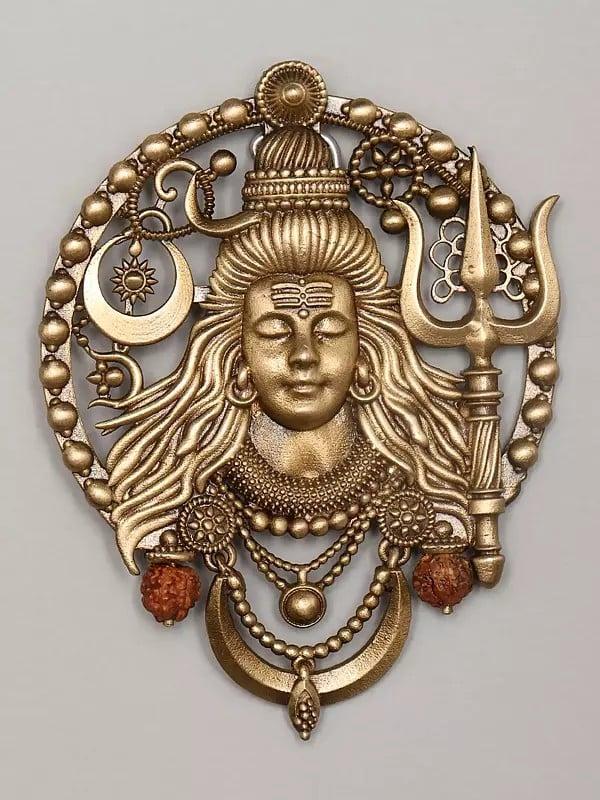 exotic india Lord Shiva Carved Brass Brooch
==
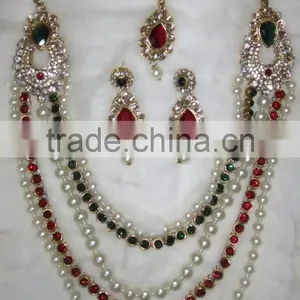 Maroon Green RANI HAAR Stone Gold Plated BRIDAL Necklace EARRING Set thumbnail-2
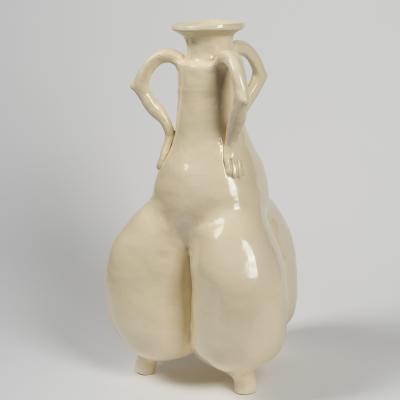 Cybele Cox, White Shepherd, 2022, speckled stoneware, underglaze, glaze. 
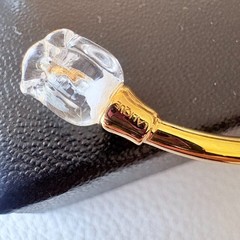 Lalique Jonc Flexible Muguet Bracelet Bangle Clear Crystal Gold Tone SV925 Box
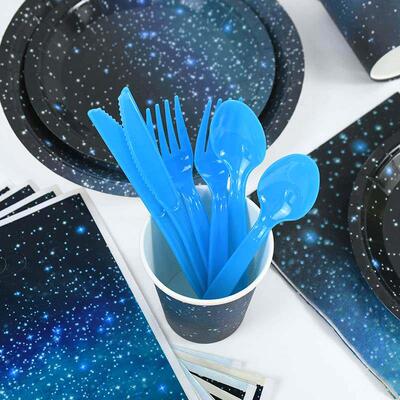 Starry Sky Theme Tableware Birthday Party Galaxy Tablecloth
--
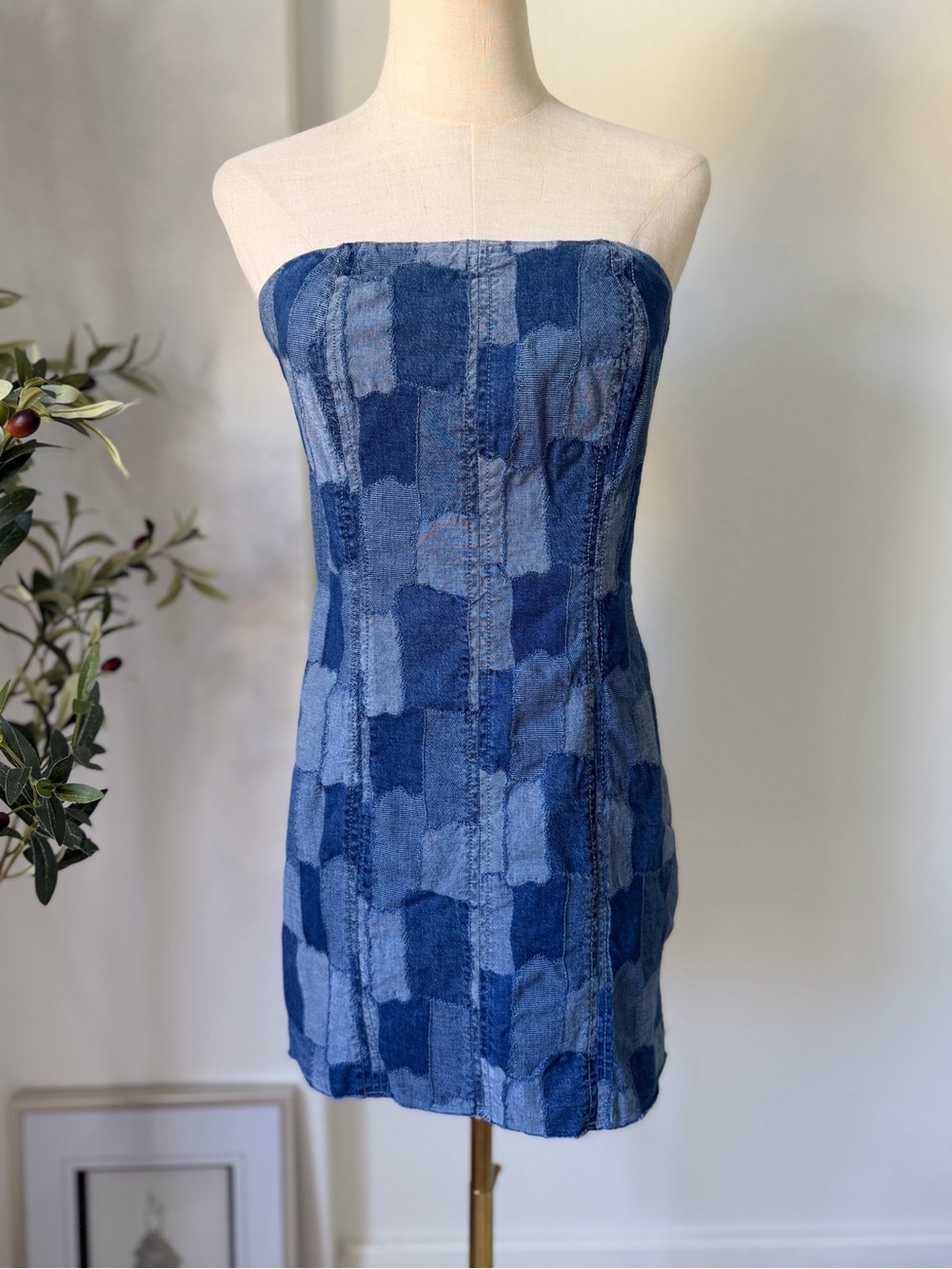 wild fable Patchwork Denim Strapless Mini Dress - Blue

**Exercise objective:**
Among the entries above, take the line with "Maroon Green RANI", the line with "Starry Sky Theme", and all the lines between them, and restate them word for word without pictures.

**Result of the exercise:**
 Maroon Green RANI HAAR Stone Gold Plated BRIDAL Necklace EARRING Set thumbnail-2
 Cybele Cox, White Shepherd, 2022, speckled stoneware, underglaze, glaze. 
 Lalique Jonc Flexible Muguet Bracelet Bangle Clear Crystal Gold Tone SV925 Box
 Starry Sky Theme Tableware Birthday Party Galaxy Tablecloth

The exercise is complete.